At this points it should be emphasized that MS-DOS 2.0
does not implement most of these features, as future versions
will. There is no global or local queue. Only one request
is pending at any one time, and the DOS waits for this current
request to be completed. For 2.0 it is sufficient for the
strategy routine to simply store the address of the packet
at a fixed location, and for the interrupt routine to then
process this packet by doing the request and returning.
Remember: the DOS just calls the strategy routine and then
immediately calls the interrupt routine, it is assumed that
the request is completed when the interrupt routine returns.
This additional functionality is defined at this time so
that people will be aware and thinking about the future.
FORMAT OF A DEVICE DRIVER
A device driver is simply a relocatable memory image
with all of the code in it to implement the device (like
a .COM file, but not ORGed at 100 Hex). In addition it has
a special header at the front of it which identifies it as
a device, defines the strategy and interrupt entry points,
and defines various attributes. It should also be noted
that there are two basic types of devices.
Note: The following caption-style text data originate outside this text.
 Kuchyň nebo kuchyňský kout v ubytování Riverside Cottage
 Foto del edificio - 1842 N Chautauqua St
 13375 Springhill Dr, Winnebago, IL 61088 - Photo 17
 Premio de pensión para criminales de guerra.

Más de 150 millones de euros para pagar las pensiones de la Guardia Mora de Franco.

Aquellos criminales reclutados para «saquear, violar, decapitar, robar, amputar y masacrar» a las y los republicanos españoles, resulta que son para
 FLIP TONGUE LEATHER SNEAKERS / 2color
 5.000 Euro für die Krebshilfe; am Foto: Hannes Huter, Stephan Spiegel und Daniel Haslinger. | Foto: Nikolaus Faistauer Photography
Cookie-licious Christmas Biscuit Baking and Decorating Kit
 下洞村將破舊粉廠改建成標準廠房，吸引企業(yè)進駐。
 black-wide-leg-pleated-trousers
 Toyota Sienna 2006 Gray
The first is character devices. These are devices which
are designed to do character I/O in a serial manner like
CON, AUX, and PRN. These devices are named (ie. CON, AUX,
CLOCK, etc.), and users may open channels (FCBs) to do I/O
to them.
The second class of devices is block devices. These
devices are the "disk drives" on the system, they can do
random I/O in pieces called blocks (usually the physical
sector size) and hence the name. These devices are not
"named" as the character devices are, and therefore cannot
be "opened" directly. Instead they are "mapped" via the
drive letters (A,B,C, etc.).
Block devices also have units. In other words a single
driver may be responsible for one or more disk drives. For
instance block device driver ALPHA (please note that we cannot
actually refer to block devices by a name!) may be
responsible for drives A,B,C and D, this simply means that
it has four units (0-3) defined and therefore takes up four
drive letters. Which units correspond to which drive letters
is determined by the position of the driver in the chain
of all drivers: if driver ALPHA is the first block driver
in the device chain, and it defines 4 units (0-3), then they
will be A,B,C and D. If BETA is the second block driver
and defines three units (0-2), then they will be E,F and
G and so on. MS-DOS 2.0 is not limited to 16 block device
units, as previous versions were. The theoretical limit
is 63 (2^6 - 1), but it should be noted that after 26 the
drive letters get a little strange (like ] \ and ^). NOTE:
Character devices cannot define multiple units (this because
they have only one name).
Here is what that special device header looks like:
+--------------------------------------+
| DWORD Pointer to next device |
| (Must be set to -1) |
+--------------------------------------+
| WORD Attributes |
| Bit 15 = 1 if char device 0 if blk |
| if bit 15 is 1 |
| Bit 0 = 1 if Current sti device |
| Bit 1 = 1 if Current sto output |
| Bit 2 = 1 if Current NUL device |
| Bit 3 = 1 if Current CLOCK dev |
| Bit 4 = 1 if SPECIAL |
| Bit 14 is the IOCTL bit (see below) |
| Bit 13 is the NON IBM FORMAT bit |
+--------------------------------------+
| WORD Pointer to Device strategy |
| entry point |
+--------------------------------------+
| WORD Pointer to Device interrupt |
| entry point |
+--------------------------------------+
| 8-BYTE character device name field |
| Character devices set a device name |
| For block devices the first byte is |
| The number of units |
+--------------------------------------+
Note that the device entry points are words. They must
be offsets from the same segment number used to point to
this table. Ie. if XXX.YYY points to the start of this
table, then XXX.strategy and XXX.interrupt are the entry
points.
A word about the Attribute field. This field is used
most importantly to tell the system whether this device is
a block or character device (bit 15). Most of other bits
are used to give selected character devices certain special
treatment (NOTE: these bits mean nothing on a block device).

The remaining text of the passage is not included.